Demokratik Açılım ve komşu ülkelerle geliştirilen ikili ilişkiler, kısa vadede kimi sancılı durumlar yaratma potansiyeline sahip olsa da, uzun vadede Türkiye’nin istikrarlı bir ülke olmasına katkı sağlayacaktır. İçeride ve dışarıda sorunlarını çözme iradesi göstermiş ve onları kontrol altına almış bir Türkiye’nin, yapısal nitelik arz eden iktisadi, toplumsal, siyasal ve kültürel sorunlarının çözümüne yoğunlaşması çok daha kolay olacak.

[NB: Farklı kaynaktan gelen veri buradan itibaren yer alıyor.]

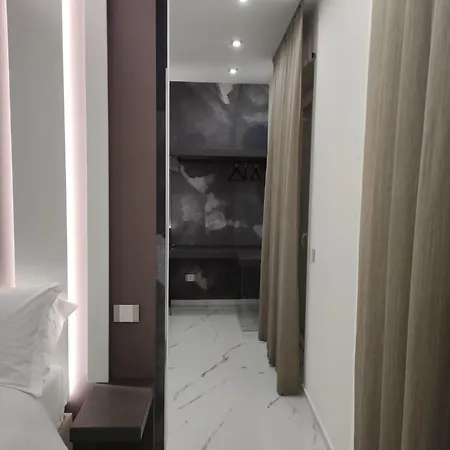 Lauria Luxury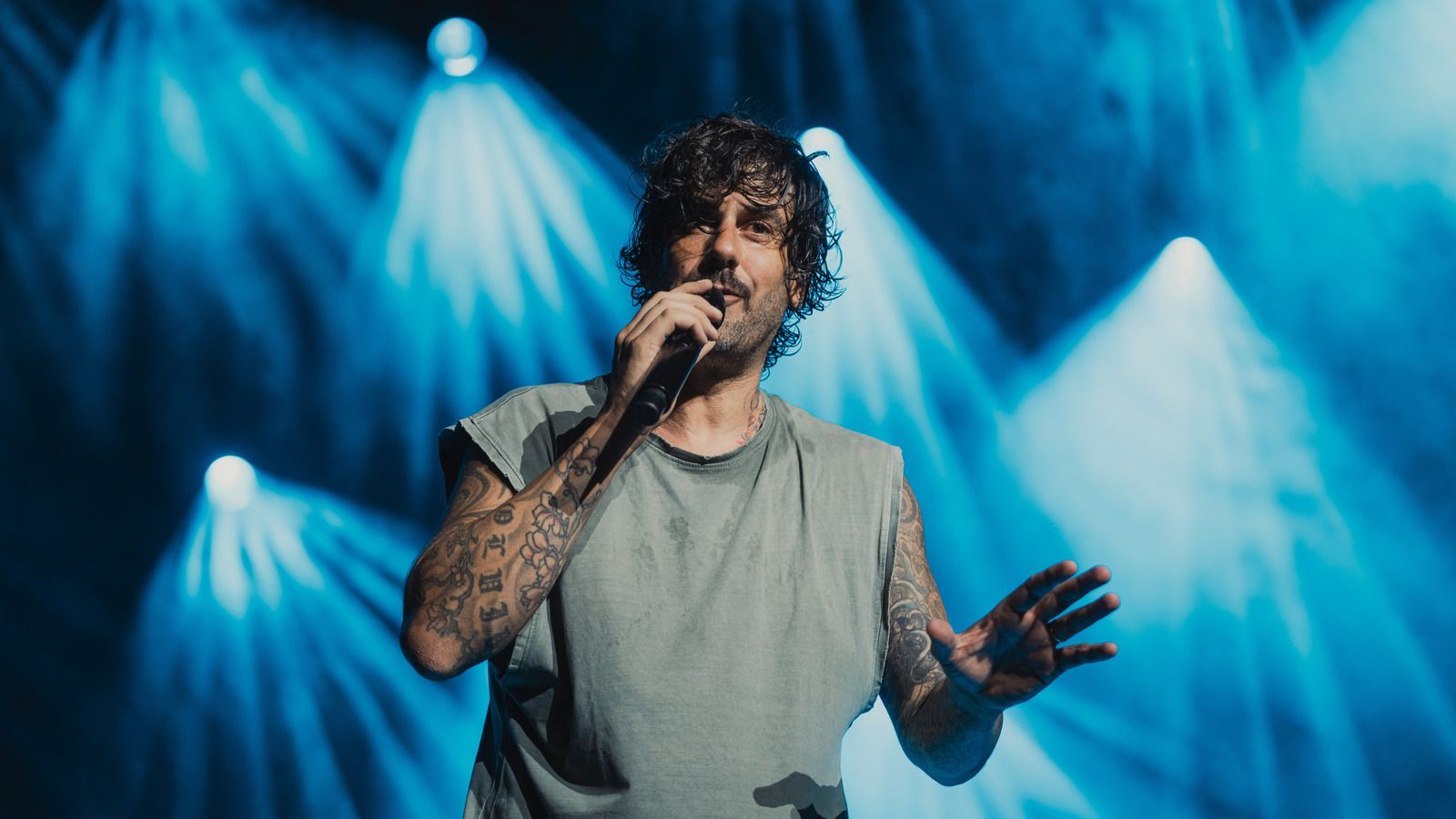 1600x900 Melendi deslumbra en el Festival Jardín de las Delicias con un concierto inolvidable en Madrid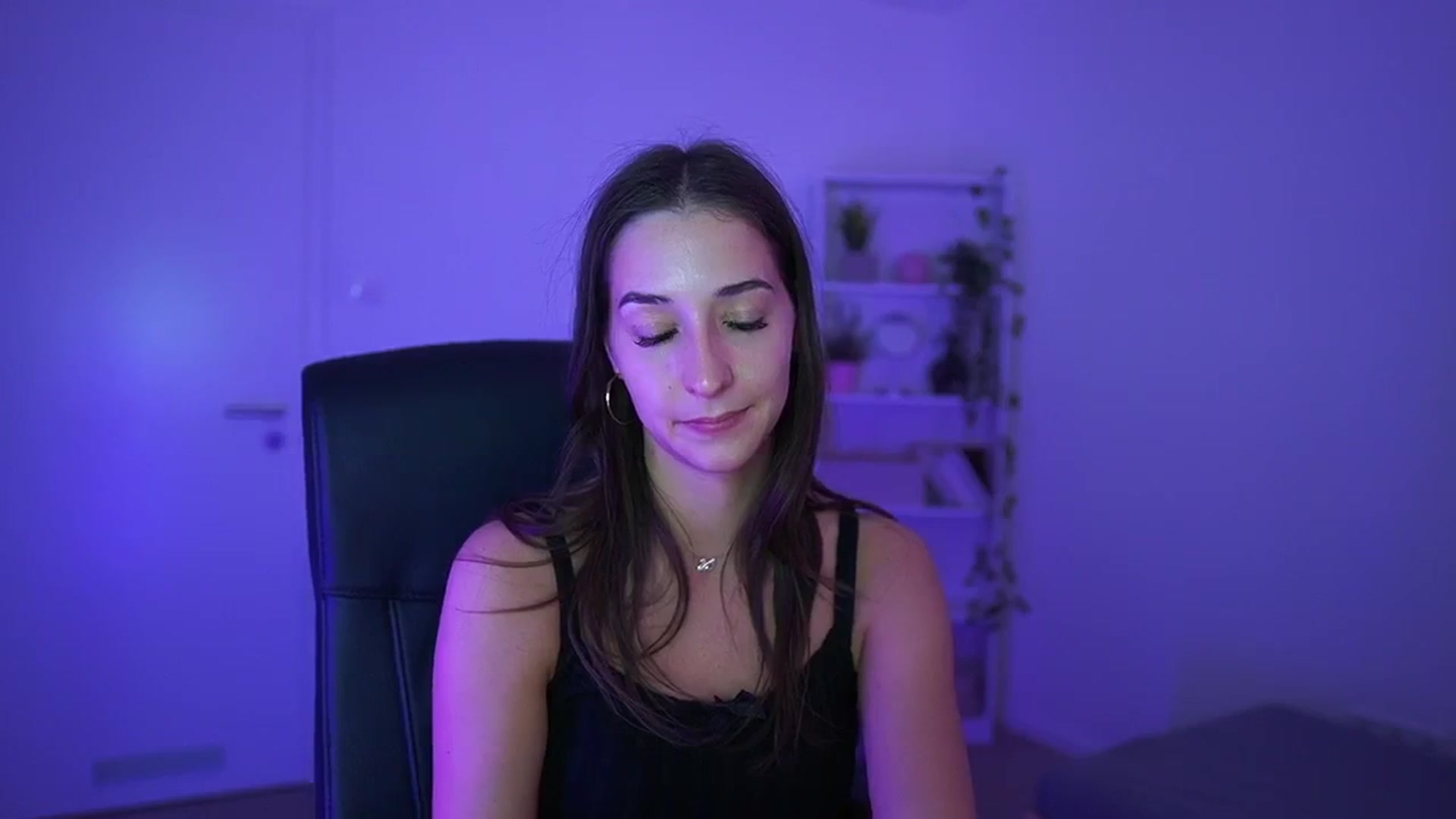 Gallery image thumbnail from Brunettte_18's myfreecams stream on, 04/10/2026, 21:24 image 5 of 20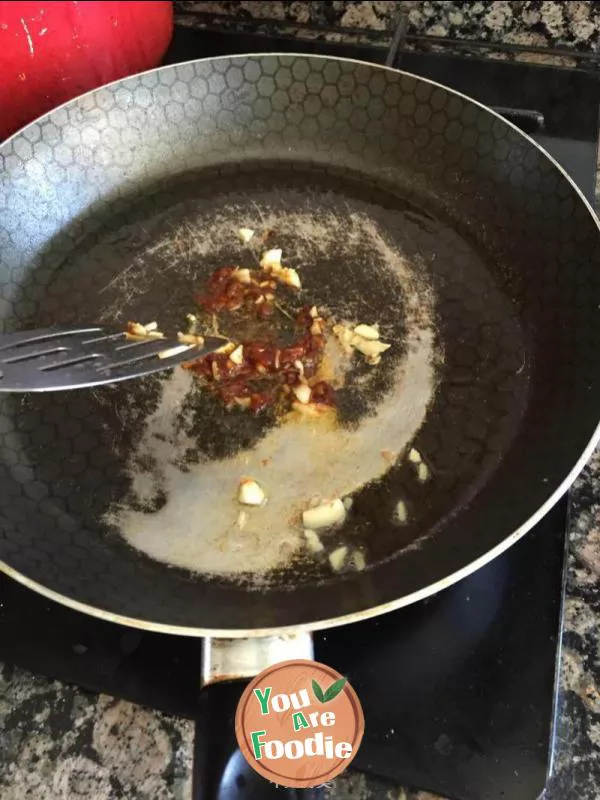 Fried meat noodles with green pepper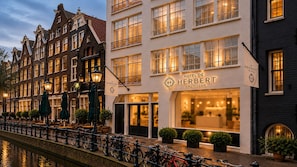Exterior - De Herbert Amsterdam (Formerly France Hotel) (Amsterdam)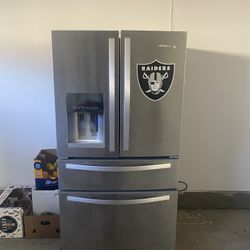 refrigerator 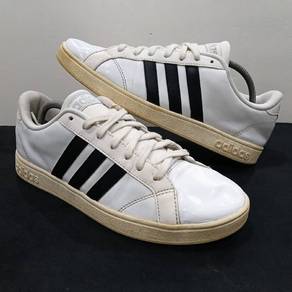 ADIDAS CLOUDFOAM ADVANTAGE (7.5uk) - Full Leather.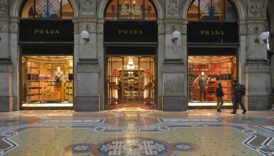 versaceye talip olan prada luks sektorundeki durgunluga ragmen ust uste dorduncu yil cift haneli ZezwxVLm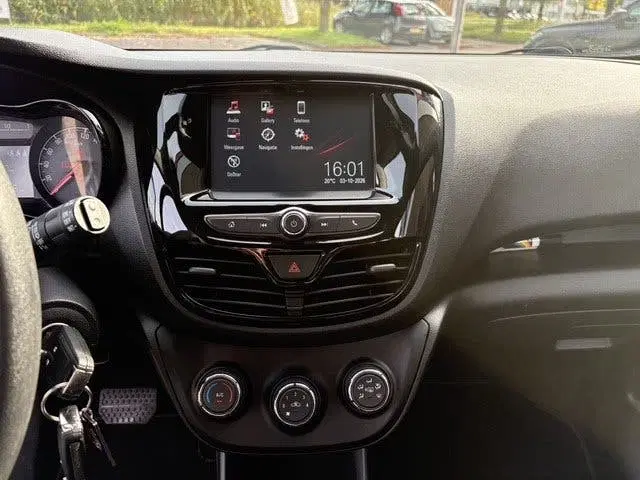 Opel Karl 1.0 ecoFLEX Edition uit 2019, foto 13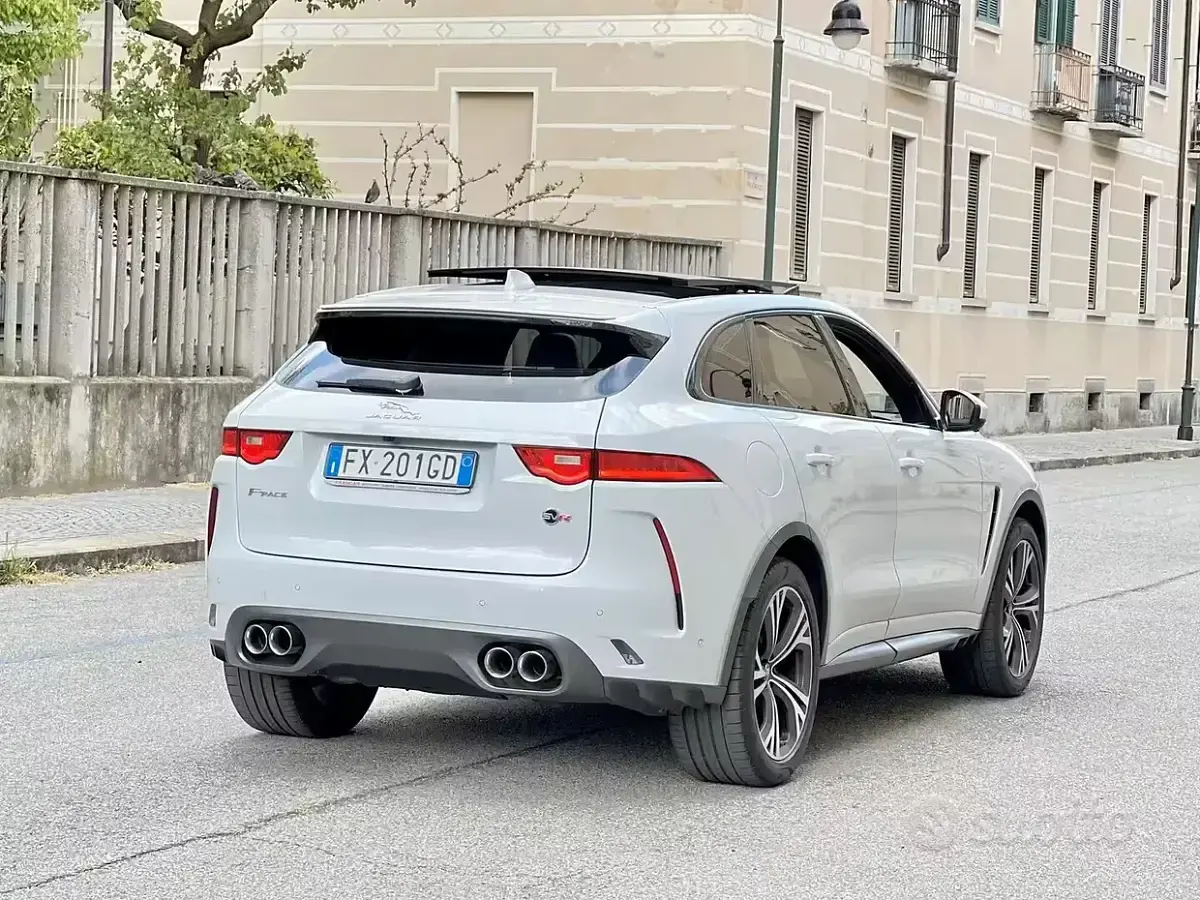 Usata Jaguar F-Pace Supercharged 551 CV (405 kW) 2019 Glacier white perlato SUV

Tek bir açılımdan değil, birbiriyle ilintili, her biri diğerini besleyecek ve onun sayesinde anlam ve kuvvet bulacak pek çok açılımdan bahsetmek daha doğru. Şu an için, Kürt Açılımı, tartışmalarda diğerlerine göre daha merkezî bir yer işgal ediyorsa da, aslında o da daha bütünlüklü bir açılımın parçalarından biri. Daha doğrusu, tüm bu açılımlar çok daha büyük ve bütünlüklü bir “Türkiye Açılımı’nın ipuçları mahiyetinde. Zira bir-örnekleştirici bir zihniyet yönetiminde bugünlere gelen Türkiye, bundan sonra o bir-örneklik (tek-tiplik)dayatıldığında bütünüyle dağılma tehlikesiyle karşı karşıya kalabilir. Geliştirilebilecek en sağlıklı ve akıllı siyaset, ülkedeki tüm kimliklerin bir şekilde kendilerini ifade edebilecekleri bir zemin oluşturmak, dahası, oluşumuna bu toplumda yaşayan her bir kesimin müdahil olduğu ve kendisine yansıtıldığına inanabileceği ortak yeni bir kimlik inşa etmek. Bu elbette, üzerinde mutabakat sağlanabilecek birleştirici ortak noktaların öne çıkarılmasıyla mümkün. Osmanlı’nın son dönemlerinden itibaren uygulanmaya başlanmış, farklı biçimler kazanmak suretiyle Cumhuriyet devrinde de sürdürülmüş etnisite merkezli parçalayıcı yaklaşımlarda ısrar etmekle bu ortak kimliğin üretilme şansı hiç yok. Dolayısıyla sorun yalnızca, önceki kadroların siyaset yapma tarzlarında bulunmuyor. Belki de, bütün bir Cumhuriyet dönemi için seçilen ana yörüngede bir problem olduğu daha doğru bir tespit olacaktır.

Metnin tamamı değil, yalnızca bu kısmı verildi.